Gaslighting Black Women is the Supersport
Lately I’ve been scrolling through social media and one thing keeps jumping out: gaslighting Black women is aSupersport. And no, it’s not new. It’s just that now, we have the language to call it what it is: systemic gaslighting.
Other groups excel at sports. Football. Swimming. Cricket. But when it comes to gaslighting? Institutions, men, the media — everybody seems to think Black women are the playing field. From the doctor’s office to the office kitchen, it’s always game time.
The Doctor’s Room Diet
My most recent gaslighting Black women moment happened in a doctor’s office. Routine check-up. Nothing dramatic. He glances at the chart and announces — with the confidence of a man reading the shipping forecast — that I’m obese.
Obese? Me? I looked over my shoulder to see if there was someone else behind me. Because I am many things, but obese isn’t one of them.
I left with a prescription for doubt and, like any woman who doesn’t want to die before her time, I went on a diet. Two weeks of salads, green juices, and sorrow. The scales? Silent. They said, “Sis, we’re not moving. Try again.”
And then I realised: this wasn’t me. This was systemic gaslighting in health care. He didn’t see me as a Black woman with hips, thighs, curves that BMI charts don’t account for. He just saw a number. Apparently losing 12kg would “fix” me. But if I lost that much, I’d look like I was auditioning for a famine documentary.
So I came off the diet, had some jollof, and remembered: the issue wasn’t me. It was gaslighting.
Celebs Get Gaslit Too
Don’t think it’s just us everyday women. Celebrities face systemic gaslighting too. Whoopi Goldberg, Mo’Nique, Lizzo — you name it.
Take the Williams Sisters. Their entire careers have been overshadowed by coded language. “Too strong. Too masculine. Or, Too aggressive.” Meanwhile, white athletes with the same drive get praised as “competitive” or “powerful.” Serena has 23 Grand Slams. If she were white, Nike would’ve renamed their HQ after her by now.
It’s the same story in music, acting, even motherhood. Look at Black maternal health outcomes — disproportionately poor, yet when we speak about our pain, we’re told, “Are you sure it was that bad?” Yes, Karen. We’re sure.
And if millionaires with platforms and fanbases still get gaslit in public, what chance do the rest of us have in a GP surgery, HR office or courtroom?
Institutions Play the Game Best
Gaslighting Black women is institutional. Health care, politics, the media, education — everywhere. And why? Because we’re easy targets.
We’ve been labelled “strong” for centuries. But being “strong” wasn’t a choice. It was survival. Slavery, colonisation, racism, sexism — pick your trauma. We weren’t born strong. We became strong because the world gave us no other option.
But when we do show vulnerability? Different story. Black women’s tears versus white women’s tears.
Black woman crying in a meeting? Awkward silence. Shuffle of papers. Tissues offered like it’s your personal weakness.
White woman crying in the same meeting? Suddenly men are rushing with jackets, HR is launching investigations, and she’s on paid leave by lunch. Her tears are weaponised. Ours are dismissed.
Black Men: Step Up
And let’s be honest. Some of you, Black men, are also clocking medals in this Supersport.
Reflect on your own trauma and the toxic ideas you’ve internalised about Black women. If your only defence is to throw around the Angry Black Woman stereotype whenever you’re challenged, newsflash: you’re predictable. And boring.
Stop leaning on Black women as free labour — emotional, physical, financial.

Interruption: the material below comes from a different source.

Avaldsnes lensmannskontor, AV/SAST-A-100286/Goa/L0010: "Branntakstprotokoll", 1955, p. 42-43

We’re not your therapists, mothers, chefs, cheerleaders and punching bags rolled into one. Do your own healing work.
Black Women: We Need Each Other
It’s not easy. We all carry our own trauma. But competing for crumbs helps no one. Less of the “one Black in the village” mentality. More sisterhood.
That means:
- Sharing resources.
- Recommending each other for opportunities.
- Having each other’s backs in spaces where no one else will.

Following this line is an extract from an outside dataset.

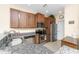 Kitchen with stainless steel appliances and granite countertops at 13488 Abercrombie Dr, Englewood, FL 34223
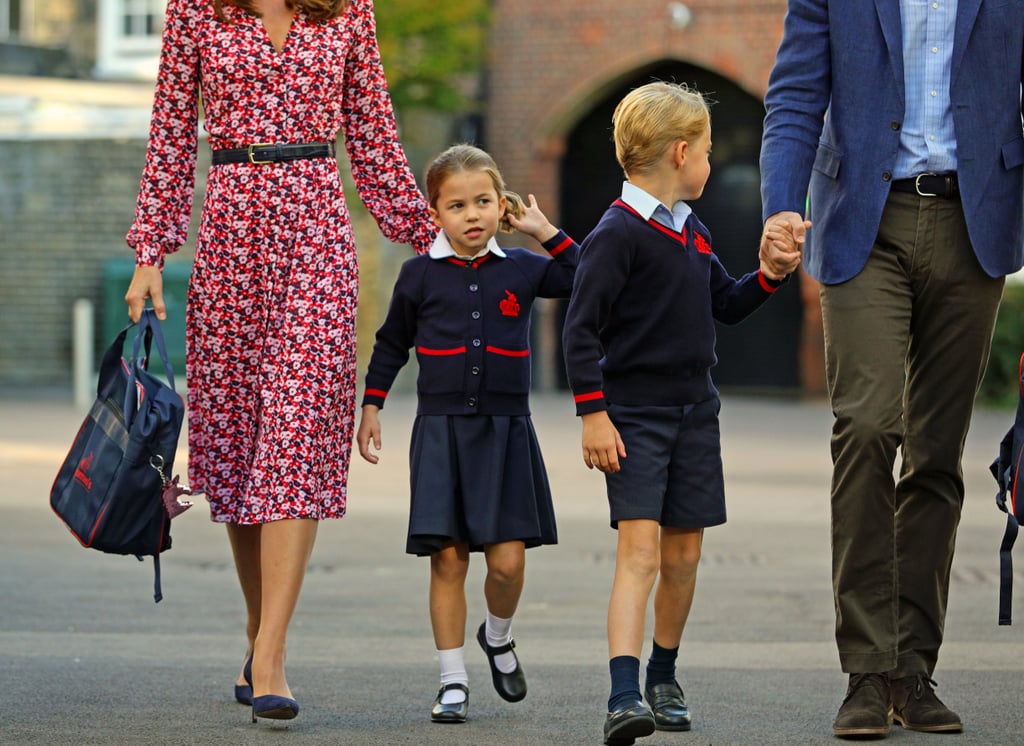 Princess Charlotte's First Day of School Pictures | POPSUGAR Celebrity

And yes, we also need boundaries. Supporting each other doesn’t mean setting yourself on fire to keep another woman warm. Solidarity is powerful, but self-preservation is too.
How Can We Change It as a Community?
Here’s the truth: waiting for white people to dismantle systemic gaslighting? That’s like waiting for the fox to secure the chicken coop. It’s not happening.
We cannot outsource our liberation. Change has to come from us.
- Create Black-led media platforms where our narratives are centred, not filtered.
- Support Black-owned businesses, building economic power instead of begging institutions for validation.
- Form networks of care — advocacy in health care, legal support, therapy collectives — so no one faces systemic gaslighting alone.
- Normalise Black joy, not just Black struggle. Joy is resistance. Rest is resistance.
Change won’t come from waiting for validation. It comes from us setting our own rules, refusing to play their game, and reminding each other daily: we are not the problem.
Gaslighting Black women is a Supersport. But the more we call it out, the more we refuse to play, the less fun it becomes for those trying to score points at our expense. Let them find another game.